In order to justify this feature, we will need to calculate the necessary purchase rate for each price point. Let’s start by calculating the number of visitors to the site this week.

It turns out that Brian ran his original test over the course of a week, so the number of visitors in abdata is equal to the number of visitors in a typical week.

In [72]:
num_visits = len(abdata)
num_visits

4998

In [73]:
num_sales_needed_099 = np.ceil(1000/0.99)
num_sales_needed_099

1011.0

In [74]:
p_sales_needed_099 = num_sales_needed_099/num_visits*100
print("The proportion of weekly visitors needed at 0.99$ is {} %".format(p_sales_needed_099))

The proportion of weekly visitors needed at 0.99$ is 20.228091236494596 %


In [75]:
num_sales_needed_199 = np.ceil(1000/1.99)
num_sales_needed_499 = np.ceil(1000/4.99)
p_sales_needed_199 = num_sales_needed_199/num_visits*100
print("The proportion of weekly visitors needed at 1.99$ is {} %".format(p_sales_needed_199))
p_sales_needed_499 = num_sales_needed_499/num_visits*100
print("The proportion of weekly visitors needed at 4.99$ is {} %".format(p_sales_needed_499))


The proportion of weekly visitors needed at 1.99$ is 10.064025610244096 %
The proportion of weekly visitors needed at 4.99$ is 4.021608643457383 %


In [76]:
samp_size_099 = np.sum(abdata.group == 'A')
print(samp_size_099)
sales_099 = np.sum((abdata.group == 'A') & (abdata.is_purchase == 'Yes'))
print(sales_099)

1666
316


In [77]:
samp_size_199 = np.sum(abdata.group == 'B')
sales_199 = np.sum((abdata.group == 'B') & (abdata.is_purchase == 'Yes'))
samp_size_499 = np.sum(abdata.group == 'C')
sales_499 = np.sum((abdata.group == 'C') & (abdata.is_purchase == 'Yes'))

In [79]:
from scipy.stats import binom_test

pvalueA = binom_test(sales_099,samp_size_099,p_sales_needed_099/100,alternative='greater')
print("The P value for group A is : {} ".format(pvalueA))
pvalueB = binom_test(sales_199,samp_size_199,p_sales_needed_199/100,alternative='greater')
print("The P value for group B is : {} ".format(pvalueB))
pvalueC = binom_test(sales_499,samp_size_499,p_sales_needed_499/100,alternative='greater')
print("The P value for group C is : {} ".format(pvalueC))

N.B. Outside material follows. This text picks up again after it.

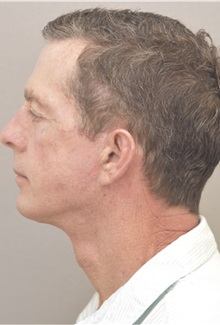 Neck Lift After Photo by Keshav Magge, MD; Bethesda, MD - Case 37732
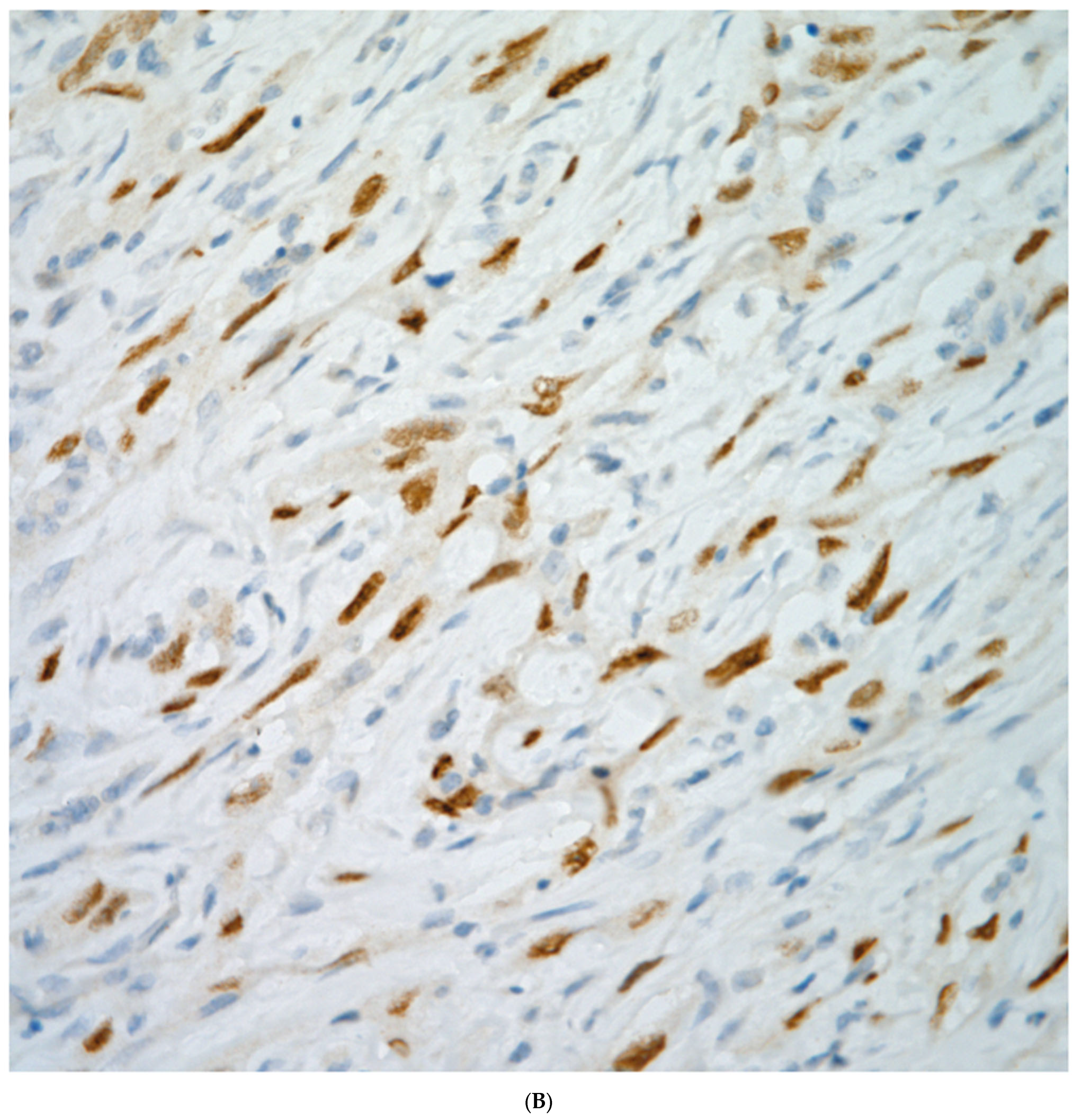 Diagnostics 13 02477 g008b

The P value for group A is : 0.9058887362654583 
The P value for group B is : 0.1144181543112181 
The P value for group C is : 0.029642608610084484 


  pvalueA = binom_test(sales_099,samp_size_099,p_sales_needed_099/100,alternative='greater')
  pvalueB = binom_test(sales_199,samp_size_199,p_sales_needed_199/100,alternative='greater')
  pvalueC = binom_test(sales_499,samp_size_499,p_sales_needed_499/100,alternative='greater')


pvalueC is the only p-value below the threshold of 0.05. Therefore, the C group is the only group where we would conclude that the purchase rate is significantly higher than the target needed to reach $1000 revenue per week.

Therefore, Brian should charge $4.99 for the upgrade.